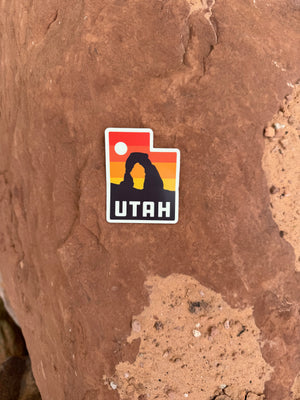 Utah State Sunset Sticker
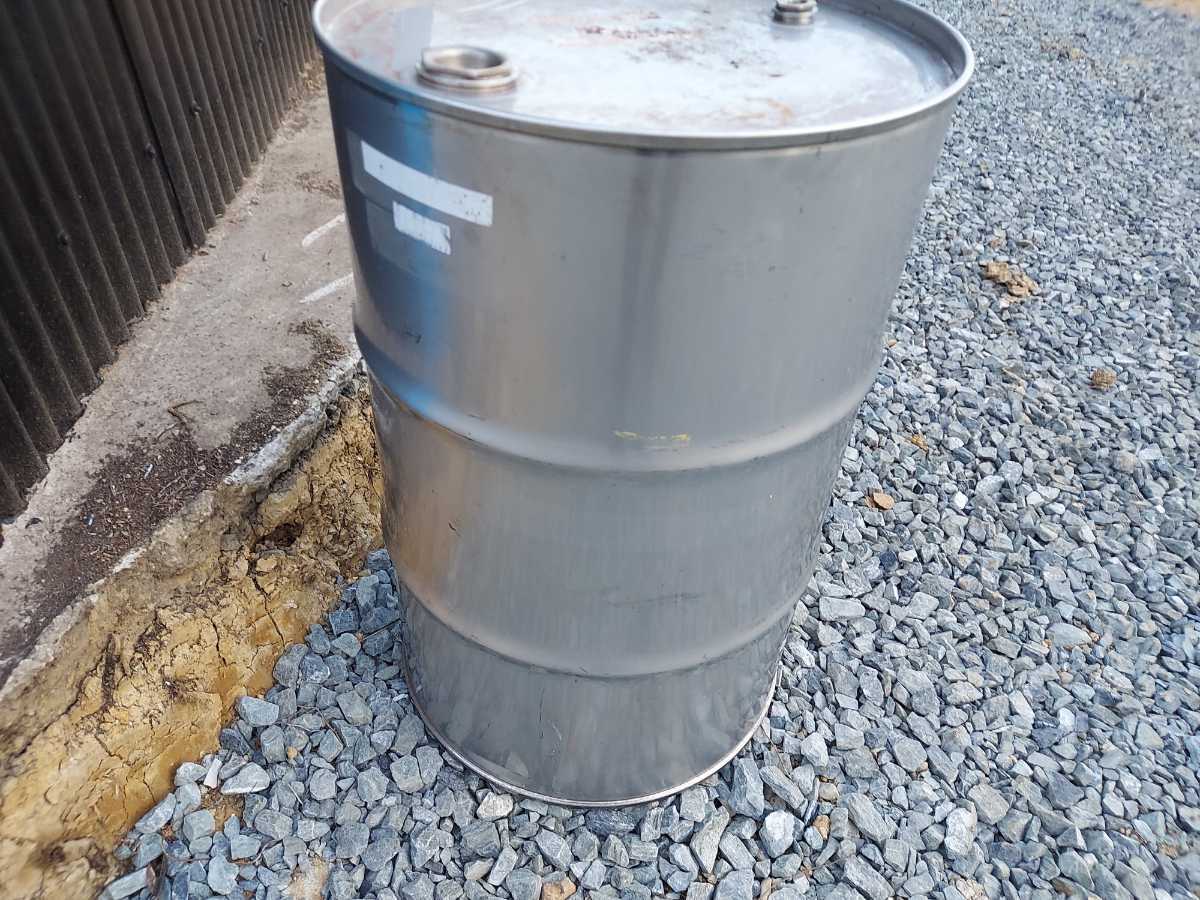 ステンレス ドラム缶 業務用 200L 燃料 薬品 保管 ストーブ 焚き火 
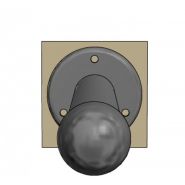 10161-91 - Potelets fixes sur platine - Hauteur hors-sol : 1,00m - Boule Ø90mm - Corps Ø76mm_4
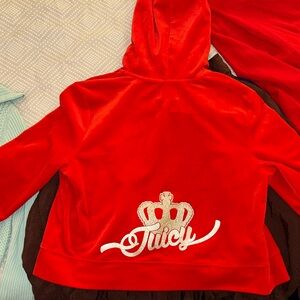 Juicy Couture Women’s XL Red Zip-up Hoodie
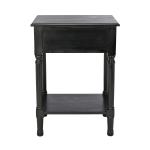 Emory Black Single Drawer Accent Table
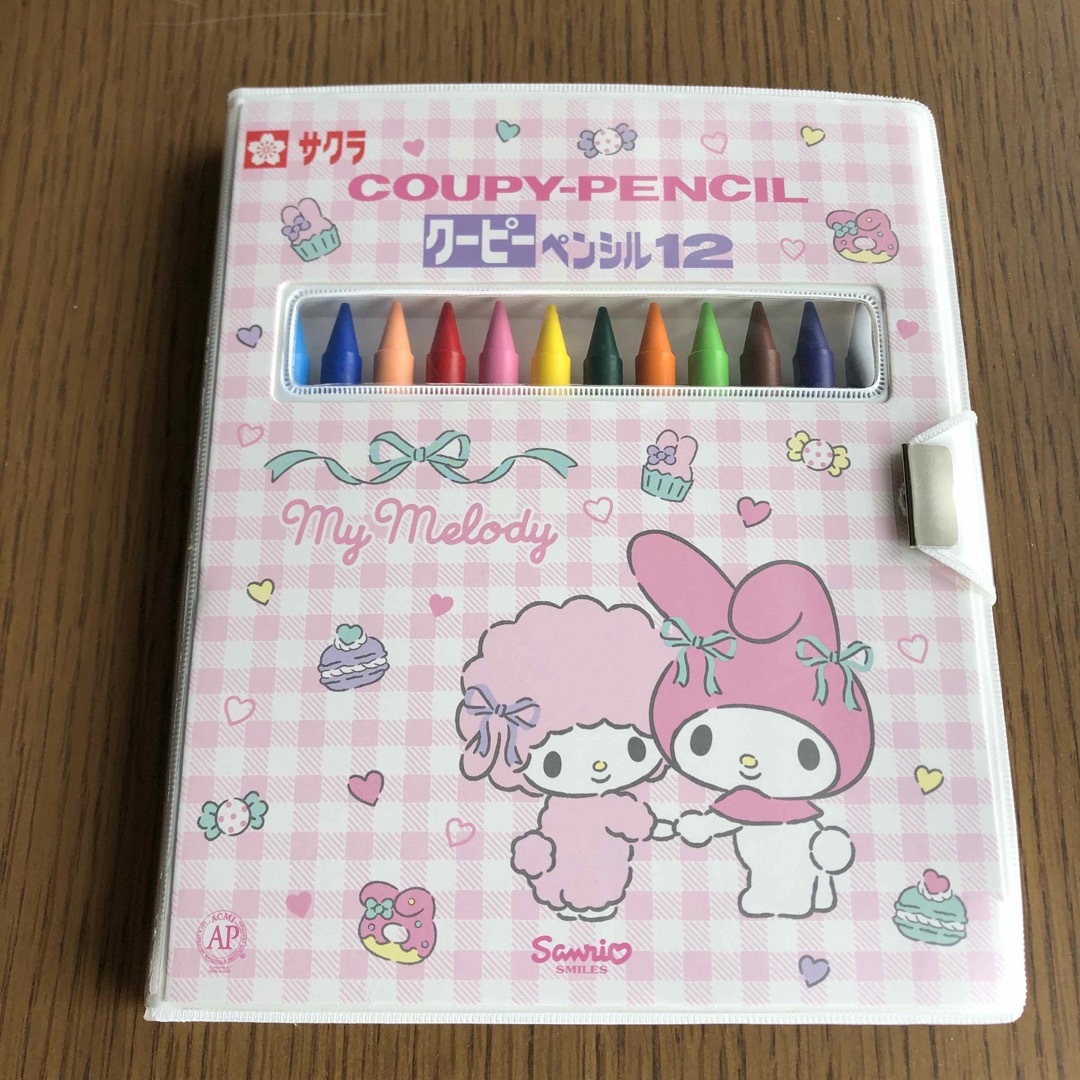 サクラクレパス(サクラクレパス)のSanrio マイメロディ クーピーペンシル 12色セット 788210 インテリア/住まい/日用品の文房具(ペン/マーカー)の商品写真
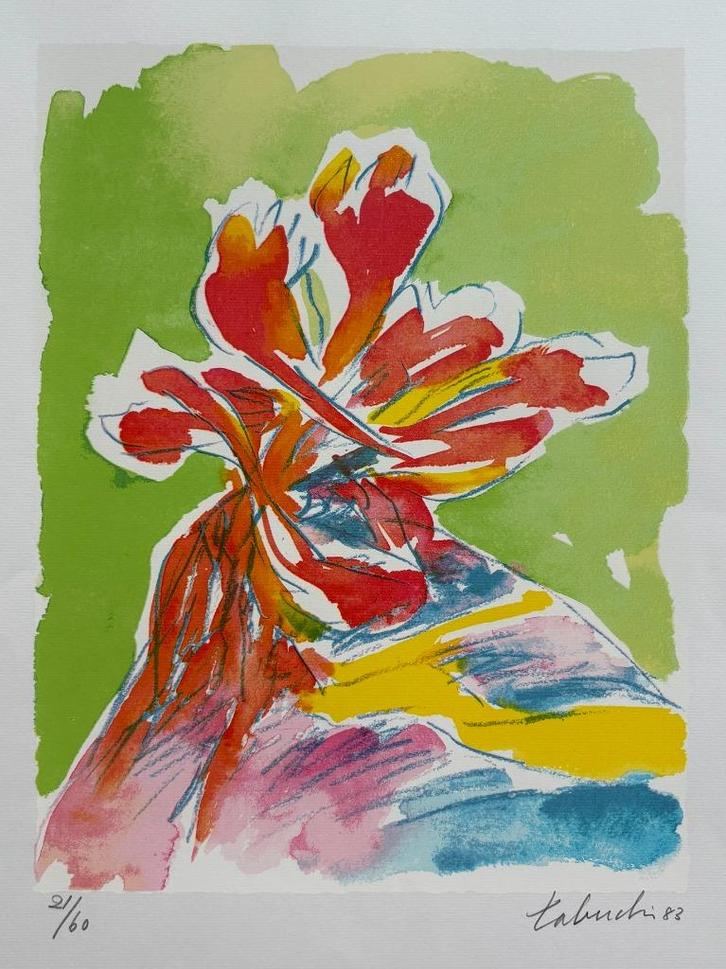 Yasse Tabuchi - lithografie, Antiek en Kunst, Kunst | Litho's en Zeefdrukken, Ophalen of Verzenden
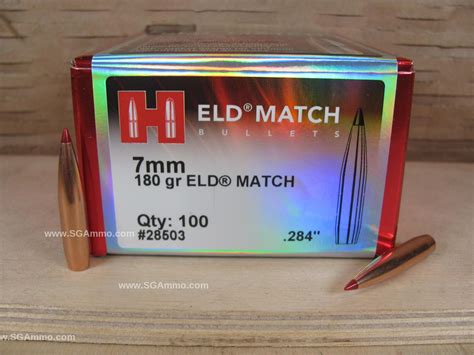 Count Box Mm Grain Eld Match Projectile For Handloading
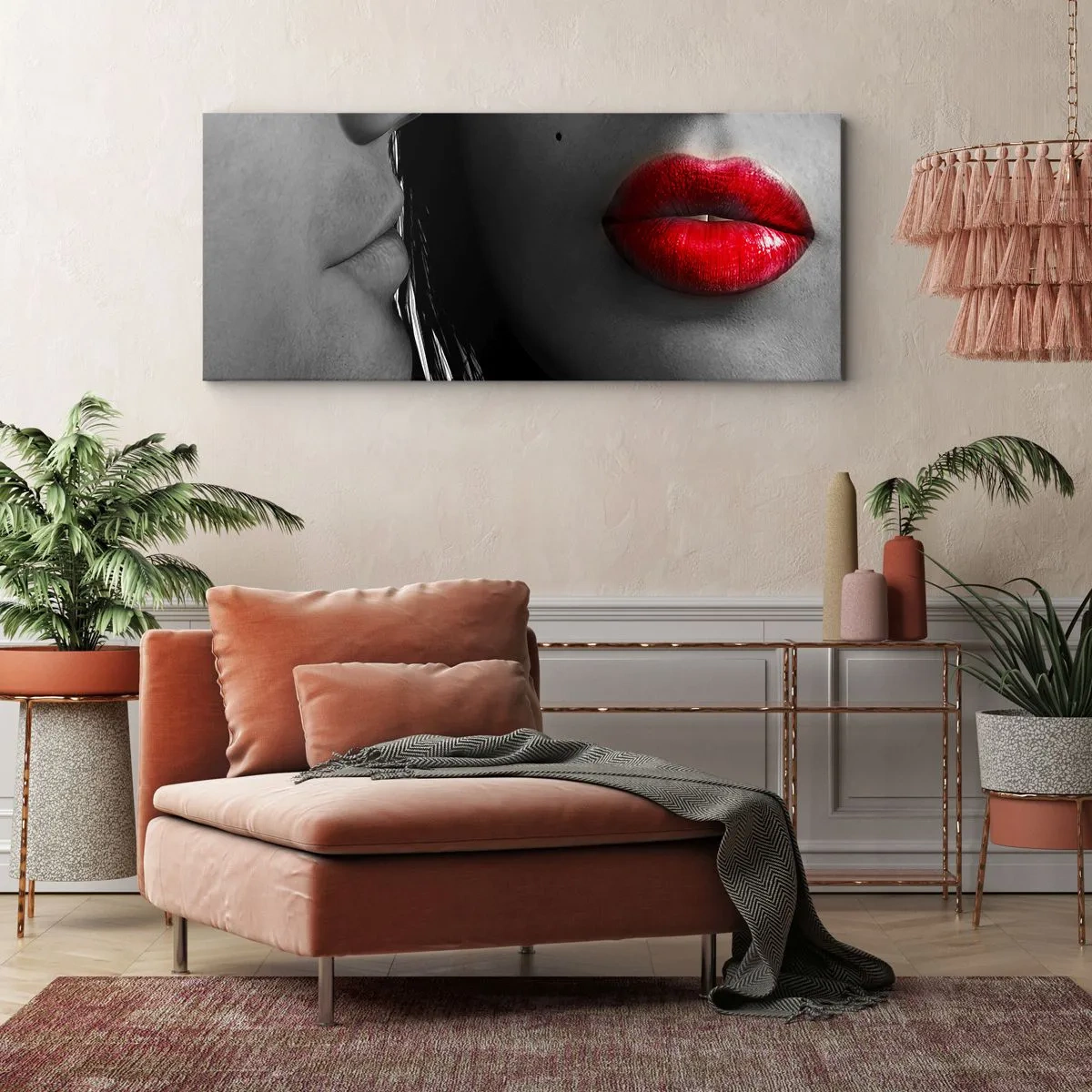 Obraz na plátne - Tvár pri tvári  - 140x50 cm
*****
◆ **Exercise directions**: Your output should be the lines above from the one that contains "Emory Black Single Drawer Accent Table" through the one that contains "Count Box Mm", word for word, with pictures left out.

◆ **Expected answer**:
 Emory Black Single Drawer Accent Table
 サクラクレパス(サクラクレパス)のSanrio マイメロディ クーピーペンシル 12色セット 788210 インテリア/住まい/日用品の文房具(ペン/マーカー)の商品写真
 Yasse Tabuchi - lithografie, Antiek en Kunst, Kunst | Litho's en Zeefdrukken, Ophalen of Verzenden
 Count Box Mm Grain Eld Match Projectile For Handloading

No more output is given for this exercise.